Matthew Coone Come, chief of the Asssembly of First Nations, declined comment on the announcement after a two-hour meeting with Nault, where the two discussed several issues. 

The two agreed to meet once a month to discuss aboriginal issues and implementing the government’s recent throne speech promises. 

Ottawa started last year to improve native access to the fishery through interim agreements that expire in March. The deals, which provided training, equipment and licences to native bands, cost the government $ 160 million. 

Bands at Burnt Church, N.B., and Indian Brook, N.S., refused to sign agreements last year, claiming they undermined inherent aboriginal treaty rights to the fishery. 

In Burnt Church, the scene of violent clashes between federal authorities and defiant native fishers, band councillor Brian Bartibogue said he doubts his band will participate in the process. 

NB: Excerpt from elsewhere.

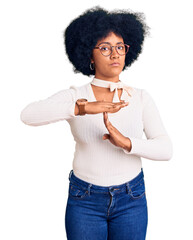 Young african american girl wearing casual clothes and glasses doing time out gesture with hands,...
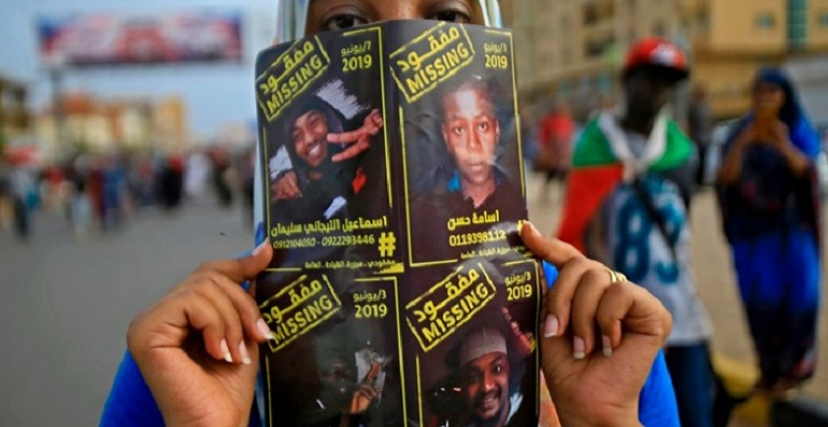 شابة تحمل صورة مفقودين في العاصمة الخرطوم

Bartibogue said he would prefer to continue fishing under band regulations rather than submitting to a process that would “extinguish our treaty rights.” 

“If we do opt in to the MacKenzie process we have to tell 90 per cent of fishermen that you can’t go fishing.” 

Said Reg Maloney, chief of the Indian Brook band: “I’m really disappointed in it because it doesn’t address the treaty rights to the fishery. They don’t justify the seizing or our equipment.” 

He said he doesn’t know if he’ll participate in the negotiations.